" Il fit quelques pas et, grâce à la vague clarté du ciel, il put se rendre compte aussitôt de la configuration des lieux. Il était dans une petite cour formée par des bâtiments des dépendances. Tout y paraissait vieux et ruiné. Les ouvertures au bas des escaliers étaient béantes, car les portes depuis longtemps avaient été enlevées ; on n'avait pas non plus remplacé les carreaux des fenêtres qui faisaient des trous noirs dans les murs. Et pourtant toutes ces bâtisses avaient un mystérieux air de fête. Une sorte de reflet coloré flottait dans les chambres basses où l'on avait dû allumer aussi, du côté de la campagne, des lanternes."
"Un silence profond régnait sur ce domaine. Par instants seulement on entendait gémir le grand vent de décembre."
"Des manteaux étaient accrochés aux patères. Sur une lourde table à toilette, au marbre brisé, on avait disposé de quoi transformer en muscadin tel garçon qui eût passé la nuit précédente dans une bergerie abandonnée. Il y avait, sur la cheminée, des allumettes auprès d'un grand flambeau. Mais on avait omis de cirer le parquet ; et Meaulnes sentit rouler sous ses souliers du sable et des gravats. De nouveau il eut l'impression d'être dans une maison depuis longtemps abandonnée..."
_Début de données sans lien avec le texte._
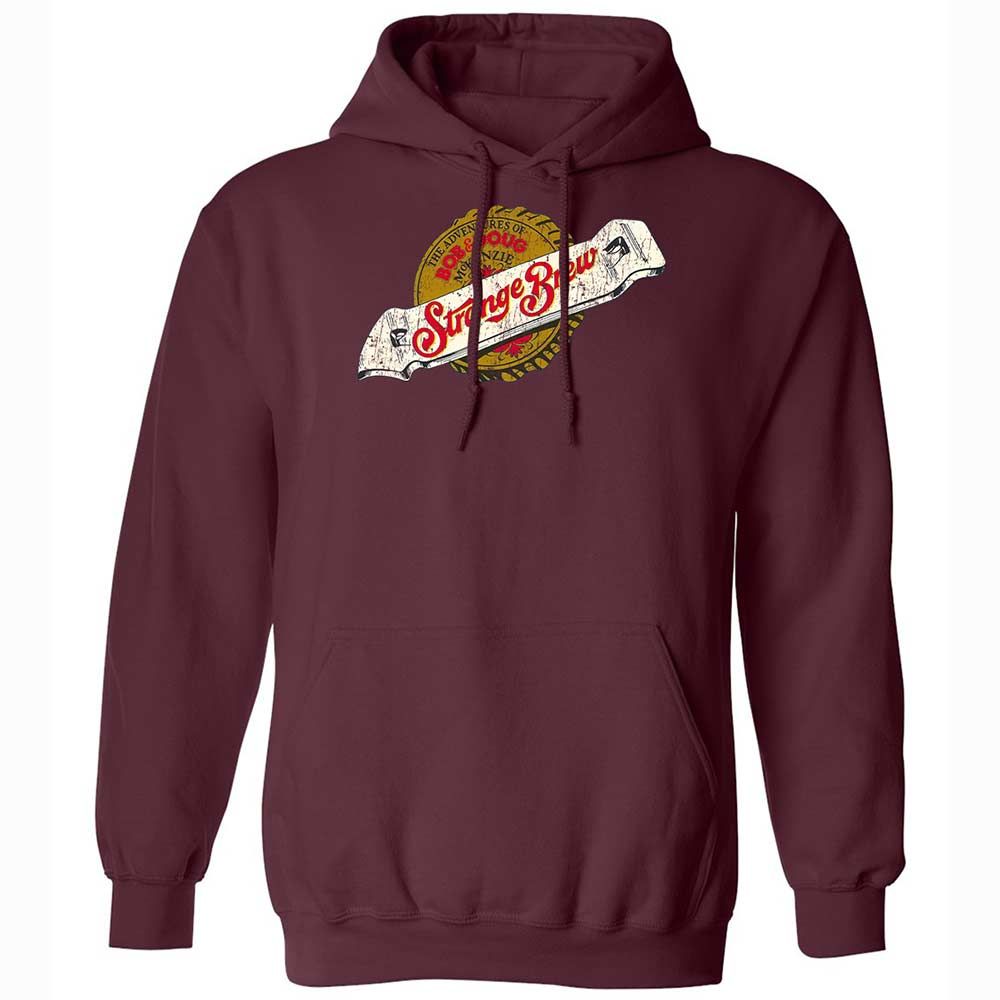 Classic Unisex Hoodie - 9XTP87D3 - Maroon - 7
" Meaulnes, avec précaution, allait poser d'autres questions, lorsque parut à la porte un couple charmant : une enfant de seize ans avec corsage de velours et jupe à grands volants ; un jeune personnage en habit à haut col et pantalon à élastiques. Ils traversèrent la salle, esquissant un pas de deux ; d'autres les suivirent ; puis d'autres passèrent en courant, poussant des cris, poursuivis par un grand pierrot blafard, aux manches trop longues, coiffé d'un bonnet noir et riant d'une bouche édentée. Il courait à grandes enjambées maladroites, comme si, à chaque pas, il eût dû faire un saut, et il agitait ses longues manches vides."
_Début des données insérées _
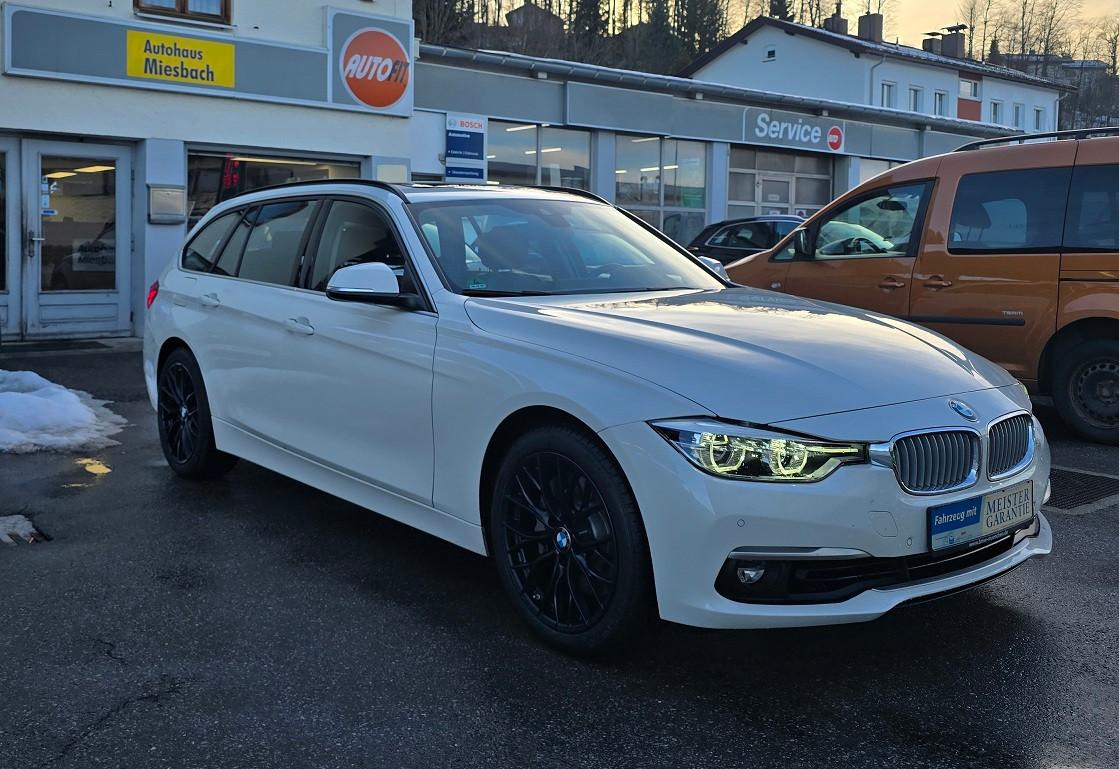 BMW 340i xDrive Touring Luxury Line, TOP Ausstattung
"Il se trouva ainsi mêlé jusqu'à la fin de la nuit à une foule joyeuse aux costumes extravagants. Parfois il ouvrait une porte, et se trouvait dans une chambre où l'on montrait la lanterne magique. Des enfants applaudissaient à grand bruit... Parfois, dans un coin de salon où l'on dansait, il engageait conversation avec quelque dandy et se renseignait hâtivement sur les costumes que l'on porterait les jours suivants..."
Extraits du roman d'Alain Fournier, Le Grand Maulnes
Texte original sur le site In libro Veritas
Photos prises il y a ... longtemps.
Une grande maison abandonnée en région parisienne, et une partie des décors éphémères créés -pour les personnages- d'après des dessins de Christian Bérard à l'occasion de la soirée de fiançailles d'un couple qui m'est cher.
8 commentaires:
Superbe, chère fée !
étrange et beau !!!
et ce miroir ô mon miroir me plait
beaucoup ....
Féérique!
Enchanteur ! et ce miroir ... quel merveille de délicatesse.
> Merci Florizelle!
> Zoechiffon: Etrangeté et beauté? tout ce qui me plait ;-) Quand au -très grand- miroir, il dort profondément dans un coin de mon "grenier"...
> Merci Bridget...
> Envol de papillons: Merci Carline, il y avait même les appliques lumineuses assorties...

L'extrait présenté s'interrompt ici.